Entre os títulos publicados por Candido Mendes, em que se destacam temas relativos à liberdade no mundo contemporâneo, encontra-se o viés teórico que em parte explica a envergadura do livro aqui resenhado: a abordagem ética, ao mesmo tempo humanista e confessional, do mundo da política, em suas expressões sociais, econômicas, ambientais ou jurídicas. O problema de uma coexistência pacífica das diferenças, tantas vezes exacerbadas com vezo pluralista, é trazido seguidamente à pauta de uma constatação do caráter globalizado, intrincado, dessas questões comuns a todos os homens. Títulos sobre a democracia, o progresso, a educação, a Igreja versus populum, o diálogo das culturas, o ecumenismo, acham-se ao lado de duas obras jubilares sobre o “Dr. Alceu”, publicadas em 1984 e 1994. O ritmo de Dr. Alceu: da ‘persona’ à pessoa traz este testemunho, o de um escrito que se faz mais a partir do personagem evocado do que sobre ele, equilibrando-se entre a urgência dos problemas que espicaçam a consciência e a disponibilidade ao mistério, que Mendes procura valorizar mediante o arejamento confessadamente “pós-moderno” de sua abordagem.

Os seis capítulos do livro aparecem como superposições de tomadas que tentam enquadrar o personagem sem reduzi-lo ao script historiográfico vida-obra-pensamento, mas sem privar o leitor do efeito didático dessa técnica. Tristão dá a perspectiva que domina a observância do convertido, com sua ortodoxia militante, dá identidade às transformações que levaram Alceu nos caminhos da sensibilidade à questão social, do engajamento político, do testemunho solicitado pelos “sinais dos tempos”. A “toma da palavra” por Alceu alarga a cena e dimensiona a estatura do personagem para além da récita, sob o olhar do crítico.

Intérprete, Mendes mostra como a integração de vida, fé e pensamento aí subsiste como a força de um sentido, categoria com que matiza a trajetória de Alceu, convertido de 1928, e capta as nuances que entregaram o coração desse admirador de Jackson de Figueiredo à fé do confidente de Leonel Franca e à inteligência do leitor de Jacques Maritain. Quem teria dado o tom do acorde capaz de, se não evitar, moderar o integrismo do Alceu cultor da ordem, fora um Tristão seu preceptor. Perceber a inquietação de Pascal, o processo da vida de Bergson, a excelência do pequeno de Chesterton, a terceira via de Mounier, o mistério de Gabriel Marcel, o insight de Lonergan, a recepção de Jauss, é uma das chaves de entrada do texto, na medida em que dá sentido histórico àquilo que poderia ser visto como simplificação do perfil de um Alceu fiel ao magistério ultramontano dos papas, fundador da Ação Católica e da LEC (Liga Eleitoral Católica), debatedor do modernismo de 1922 e dos pioneiros de 1932.

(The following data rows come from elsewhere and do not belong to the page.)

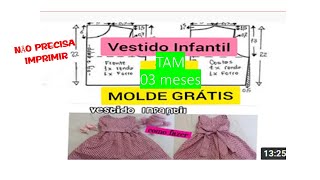 Vestido Infantil TAM 3 meses. Molde gratis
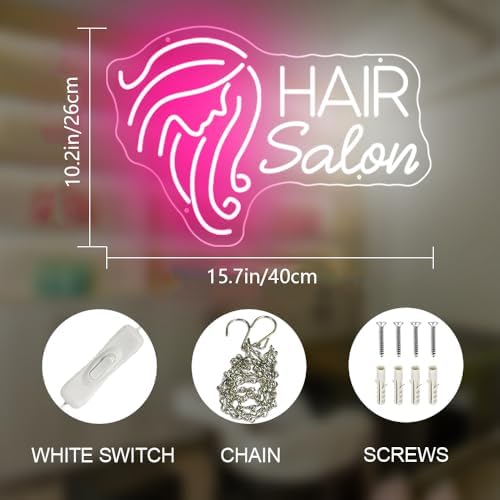 Hair Salon Neon Sign for Wall Decor, LED Neon Signs Lights, Pink Salon Hair Tech Decor Neon Signs for Barber Shop, Beauty Salon Studio Beauty Room Business Sign - Image 6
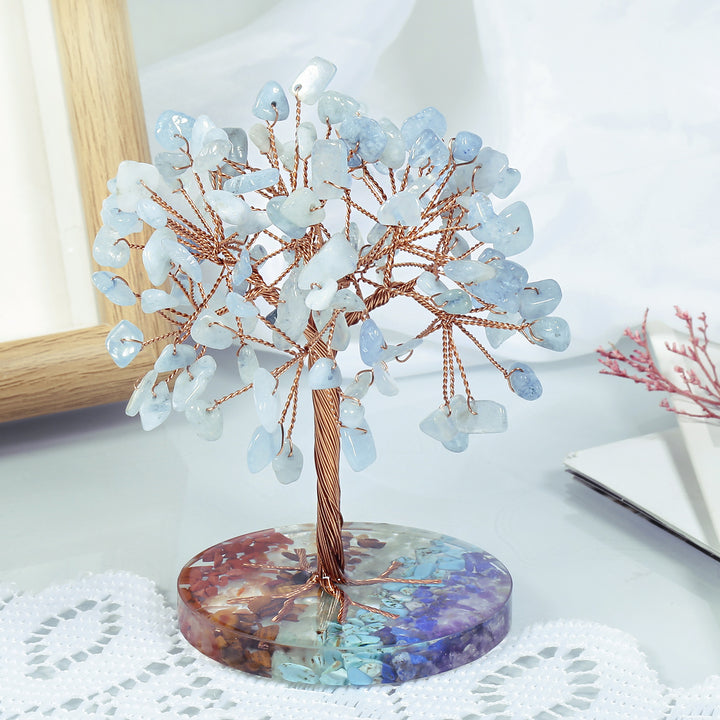 Arbre Feng Shui à base ronde en gravier pour chakras Olivenorma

Candido Mendes evita porém que a ultrapassagem da pecha de conservador pelas audácias do “libertário” seja recebida pelo leitor como um abandono das altas causas que abonam o caráter do homenageado, usando expressões que só aos poucos sedimentaram-se no discurso de Alceu. Mendes explica que este, “atento ao sinal dos tempos”, viu-se amparado pela percepção de que deveria “romper com a pequena ordem em busca da grande ordem.” (p.75) Não como uma posição meramente teórica, mas pelo discernimento existencial de que “a Igreja não é legionária mas missionária.” (p.77) A relevância da observação fica realçada quando se recorda que a Igreja católica estava mobilizada no século XX pelas estratégias de “romanização”, centralizando seu magistério no Papado por meio de um processo de clericalização das praxes de piedade e da revisão sistemática do chamado “catolicismo popular” herdado das tradições coloniais. Esse catolicismo de “reação”, anti-liberal, anti-protestante, muitas vezes de tom condenatório e moralista, em contínua suspeita em face da modernidade, aparece no livro como a atmosfera do mundo em que Alceu se converteu e no qual o escritor diletante deu “adeus à disponibilidade” na década de 1920. A revisão dos valores desse mundo será tanto objeto quanto perspectiva no texto de Mendes.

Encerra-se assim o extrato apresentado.